Dans un arrêt rendu le 14 juin 2016, une dizaine de jours à peine avant le référendum qui va se tenir au Royaume-Uni sur le maintien du pays dans l’UE, la Cour de Justice de l’Union européenne (CJUE) donne raison au Royaume-Uni lorsqu’il exige que les bénéficiaires des allocations familiales et du crédit d’impôt pour enfant disposent d’un droit de séjour dans cet État.

Le recours en manquement formé par la Commission

Le règlement sur la coordination des systèmes de sécurité sociale fixe une série de principes communs que doivent respecter les législations des États membres en la matière, de manière à ce que les différents systèmes nationaux ne désavantagent pas les personnes qui font usage de leur droit de libre circulation et de séjour au sein de l’Union. L’un des principes communs que les États membres doivent respecter est le principe d’égalité. Dans le domaine spécifique de la sécurité sociale, le principe d’égalité se traduit par l’interdiction de toute discrimination fondée sur la nationalité.

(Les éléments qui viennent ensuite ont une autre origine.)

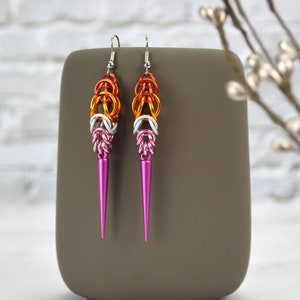 Lesbian Pride - Spike Earring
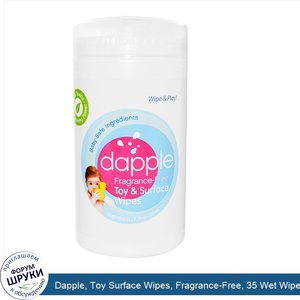 Dapple__Toy_Surface_Wipes__Fragrance_Free__35_Wet_Wipes__5.5_quot__x_8_quot___14_cm_x_20.3_cm_...jpg
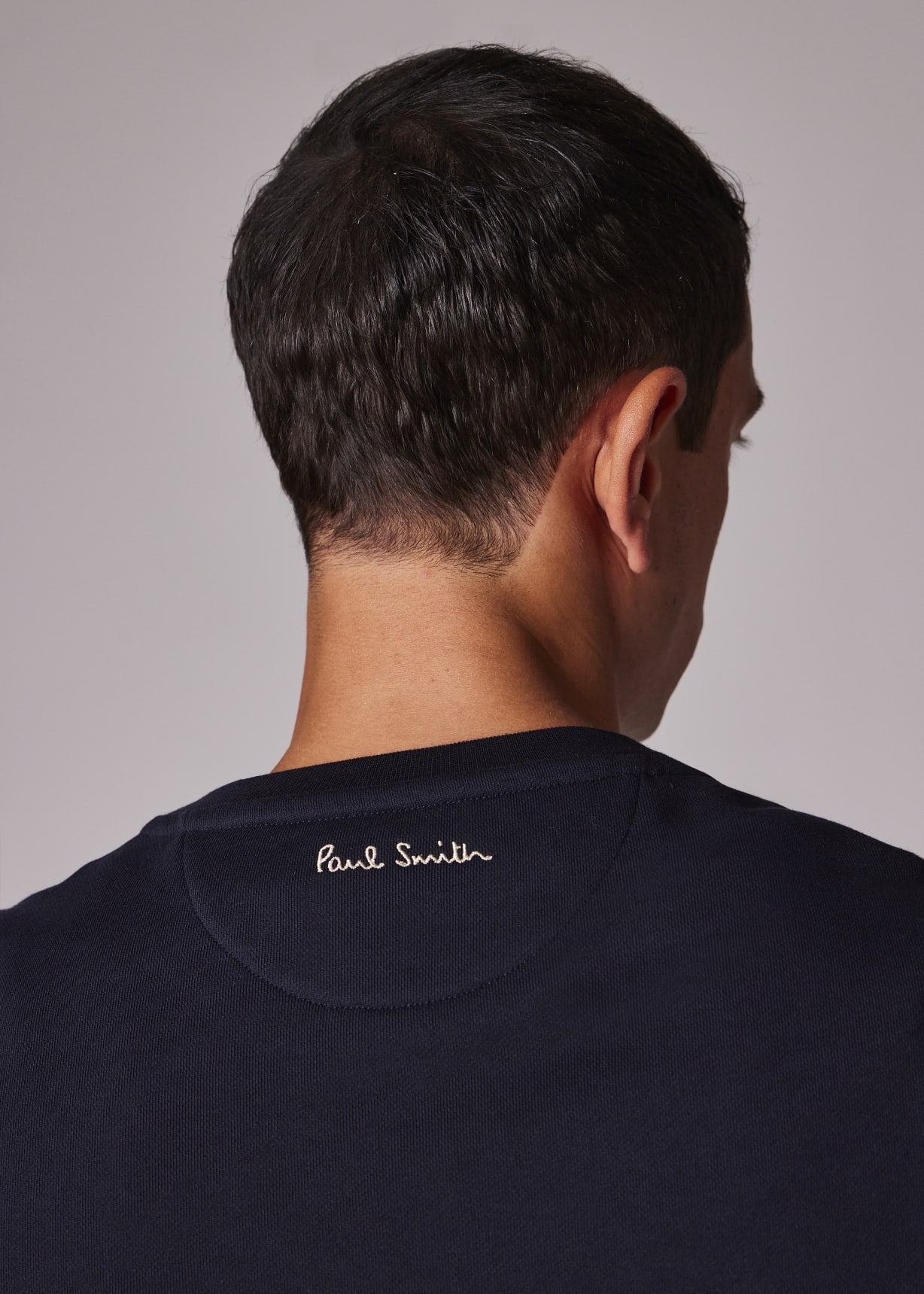 Men's Classic-Fit Navy 'Placement Flower Print' Sweatshirt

La Commission a reçu de nombreuses plaintes émanant de citoyens de l’Union non britanniques qui résident au Royaume-Uni. Ces citoyens ont dénoncé le fait que les autorités britanniques compétentes leur avaient refusé le bénéfice de certaines prestations sociales au motif qu’ils ne jouissaient pas d’un droit de séjour dans ce pays. Estimant que la législation britannique n’est pas conforme aux dispositions du règlement, la Commission a formé un recours en manquement contre le Royaume-Uni. La Commission a relevé en effet que la législation britannique impose de vérifier que les demandeurs de certaines prestations sociales – parmi lesquelles figurent des prestations familiales telles que les allocations familiales et le crédit d’impôt pour enfant, en cause dans la présente affaire – séjournent légalement sur le sol britannique. Selon la Commission, cette condition serait discriminatoire et contraire à l’esprit du règlement, dans la mesure où ce dernier prendrait uniquement en compte la résidence habituelle du demandeur.

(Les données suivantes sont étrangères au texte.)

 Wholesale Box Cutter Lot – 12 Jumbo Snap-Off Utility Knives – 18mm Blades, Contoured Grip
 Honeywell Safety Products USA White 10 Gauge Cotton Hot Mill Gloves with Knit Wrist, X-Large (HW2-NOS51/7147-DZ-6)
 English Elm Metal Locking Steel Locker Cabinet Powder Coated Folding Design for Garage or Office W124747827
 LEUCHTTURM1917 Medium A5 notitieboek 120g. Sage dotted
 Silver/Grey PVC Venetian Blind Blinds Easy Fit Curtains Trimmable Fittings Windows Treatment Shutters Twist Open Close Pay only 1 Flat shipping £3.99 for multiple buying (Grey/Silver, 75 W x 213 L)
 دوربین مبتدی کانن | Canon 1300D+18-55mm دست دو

Les allocations familiales (« child benefit ») et le crédit d’impôt pour enfant (« child tax credit ») sont des prestations en espèces financées par l’impôt et non par les cotisations des bénéficiaires. Elles ont pour objectif commun de contribuer à couvrir les charges de famille. Pour pouvoir bénéficier de ces prestations, le demandeur doit, selon la législation britannique, se trouver au Royaume-Uni. Cette condition n’est remplie que si le demandeur (a) se trouve physiquement au Royaume-Uni, (b) a sa résidence ordinaire au Royaume-Uni et (c) jouit du droit de séjour dans ce pays.

Face à ces arguments, le Royaume-Uni, qui invoque l’arrêt Brey, soutient que l’État d’accueil peut légitimement exiger que les prestations sociales ne soient octroyées qu’aux citoyens de l’Union qui remplissent les conditions pour disposer d’un droit de séjour sur son sol, ces conditions étant, pour l’essentiel, prévues dans la directive 2004/38/CE. Par ailleurs, bien que reconnaissant que les conditions d’ouverture du droit aux prestations sociales en cause sont remplies plus facilement par ses propres ressortissants (ceux-ci jouissant, par définition, d’un droit de séjour), dans tous les cas la condition relative au droit de séjour est une mesure proportionnée visant à garantir que les prestations sont versées à des personnes suffisamment intégrées au Royaume-Uni.

L’arrêt de la Cour

Dans son arrêt rendu le 14 juin 2016, la Cour rejette le recours de la Commission.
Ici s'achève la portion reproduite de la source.